From the "Dial Daily Bread" Archive: Phone message, 1973.
Copyright © 2012 by "Dial Daily Bread."

Tuesday, February 18, 2020

Dial Daily Bread: Does Evil Need to Flourish in the World?

Dear Friends of "Dial Daily Bread,"

Has God made the world in such a way that evil has to flourish in it? Many Christian people have all but resigned themselves to believe that the devil just has to have his way in this sinful earth. Wars have to come, and all we can do is pick up the pieces by massive humanitarian relief efforts.

But maybe this fatalistic idea is not biblical. In Genesis 12, 13, and 15, God made promises to Abraham that in his descendants, that is, in Israel, "all the families of the earth shall be blessed" (Gen. 12:3). And the New Testament makes clear that Abraham's true descendants are those who believe in the Messiah, in Christ, the church (Gal. 3:29). And in the Book of Deuteronomy, Moses makes equally clear that God's plan for Israel was that they be the greatest nation on earth, "the head and not the tail" (Deut. 28:13).

There was to be no need in God's plan for the rise of such cruel world empires as Assyria, Babylon, Medo-Persia, Grecia, and Rome, no need for World Wars. The influence emanating from God's people through the Holy Spirit would restrain the evil that is in the world. "The remnant of Jacob shall be among the Gentiles, in the midst of many peoples, ... like dew from the Lord, like showers on the grass," Micah said, and even Israel would be a disciplinary force among the nations--not because of political or military superiority but because of a genuine, highly respected moral authority (see Micah 5:7-9). To some extent this vision was realized in the time of Kings David and Solomon, and even afterward occasionally in the reign of Hezekiah or Josiah.

Let's not give in to the terrible conclusion that Heaven is content for all this massive human suffering to continue! Revelation 7:1-4 indicates that if God's people were to awaken and humble their hearts and proclaim the sealing message, "four angels" could restrain these evil passions let loose in the "four winds."

--Robert J. Wieland

From the "Dial Daily Bread" Archive: June 1, 1999.
Copyright © 2020s by "Dial Daily Bread."

Monday, February 17, 2020

Dial Daily Bread: What Does the Name of "Jesus" Mean, and Not Mean?

Dear Friends of "Dial Daily Bread,"

What does the name of "Jesus" mean? We are told in Acts 4:12 that there is salvation in no other name; Philippians 2:10 says that at last "every knee" shall bow to that name; Acts 3:6 says that name caused the man born lame to walk. Says the poet, "The name of Jesus is so sweet, I love its music to repeat." But isn't it time that we should learn what the name means? It's more than mere emotion or tradition. There is dynamite locked in the very Hebrew name itself.

First, what does it not mean?
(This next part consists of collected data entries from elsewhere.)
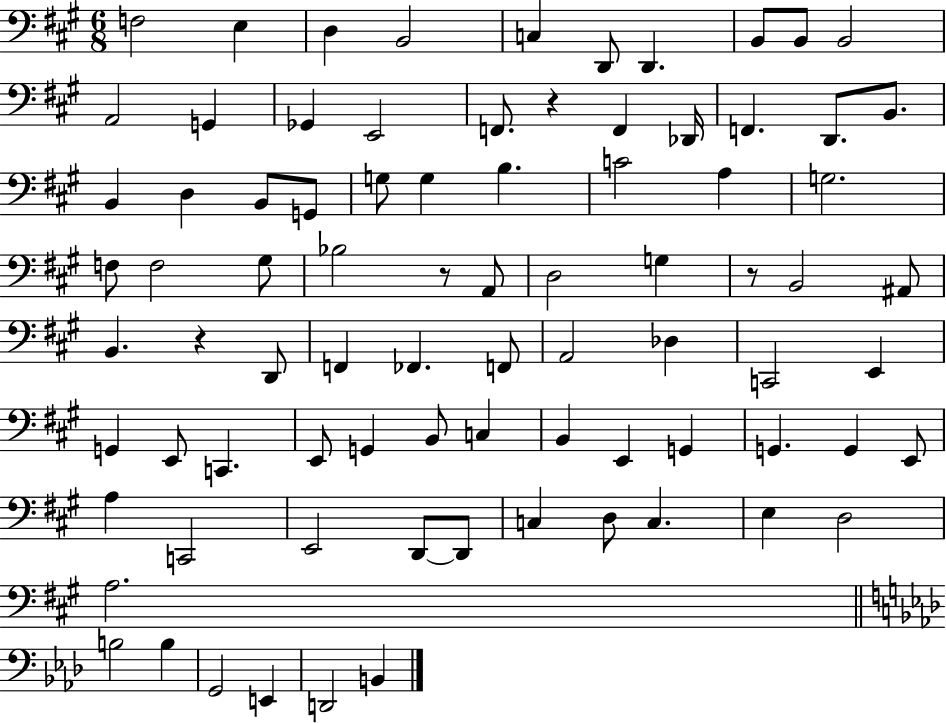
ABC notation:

X:1
T:Untitled
M:6/8
L:1/4
K:A
F,2 E, D, B,,2 C, D,,/2 D,, B,,/2 B,,/2 B,,2 A,,2 G,, _G,, E,,2 F,,/2 z F,, _D,,/4 F,, D,,/2 B,,/2 B,, D, B,,/2 G,,/2 G,/2 G, B, C2 A, G,2 F,/2 F,2 ^G,/2 _B,2 z/2 A,,/2 D,2 G, z/2 B,,2 ^A,,/2 B,, z D,,/2 F,, _F,, F,,/2 A,,2 _D, C,,2 E,, G,, E,,/2 C,, E,,/2 G,, B,,/2 C, B,, E,, G,, G,, G,, E,,/2 A, C,,2 E,,2 D,,/2 D,,/2 C, D,/2 C, E, D,2 A,2 B,2 B, G,,2 E,, D,,2 B,,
It does not mean "Jesus would like to save," or "perhaps He will save," and it does not mean "He offers to save." The simple Hebrew meaning within the word is "Jehovah saves." Here's what He is, not what He would like to be: He is a Savior. His proper title was recognized by the believing Samaritans (they got there before the Jews did!): "the Savior of the world" (John 4:42). He gives, not merely offers, His flesh "for the life of the world" (6:51).

Furthermore, He is not a co-Savior, sharing the job with any one else, least of all us. You and I can't share the honor! He "is able to save to the uttermost," that is, not part way and then leaving us to finish the job (Heb. 7:25).
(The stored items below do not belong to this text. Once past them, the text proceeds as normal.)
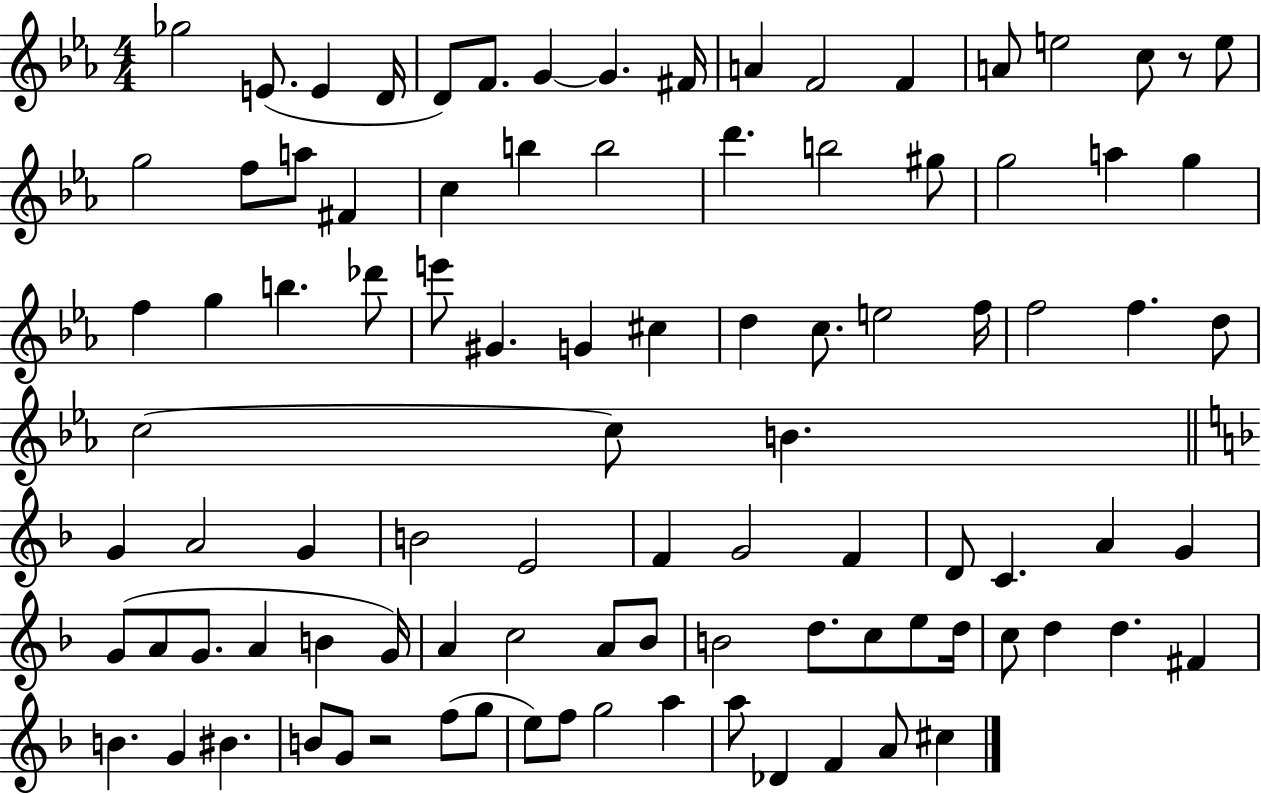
{
  \clef treble
  \numericTimeSignature
  \time 4/4
  \key ees \major
  ges''2 e'8.( e'4 d'16 | d'8) f'8. g'4~~ g'4. fis'16 | a'4 f'2 f'4 | a'8 e''2 c''8 r8 e''8 | \break g''2 f''8 a''8 fis'4 | c''4 b''4 b''2 | d'''4. b''2 gis''8 | g''2 a''4 g''4 | \break f''4 g''4 b''4. des'''8 | e'''8 gis'4. g'4 cis''4 | d''4 c''8. e''2 f''16 | f''2 f''4. d''8 | \break c''2~~ c''8 b'4. | \bar "||" \break \key f \major g'4 a'2 g'4 | b'2 e'2 | f'4 g'2 f'4 | d'8 c'4. a'4 g'4 | \break g'8( a'8 g'8. a'4 b'4 g'16) | a'4 c''2 a'8 bes'8 | b'2 d''8. c''8 e''8 d''16 | c''8 d''4 d''4. fis'4 | \break b'4. g'4 bis'4. | b'8 g'8 r2 f''8( g''8 | e''8) f''8 g''2 a''4 | a''8 des'4 f'4 a'8 cis''4 | \break \bar "|."
}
This makes some people nervous; they're afraid that if we say He saves completely that we're going to get lazy and not do "good works." But they don't realize that when one appreciates what it cost the Savior to save us, when the dimensions of His sacrifice are realized, the human heart is so moved, so "constrained" (2 Cor. 5:14, 15), that the result is total dedication to the One "who died for [us] and rose again." There is no end to the "good works" that His agape love will forever "constrain" us to do.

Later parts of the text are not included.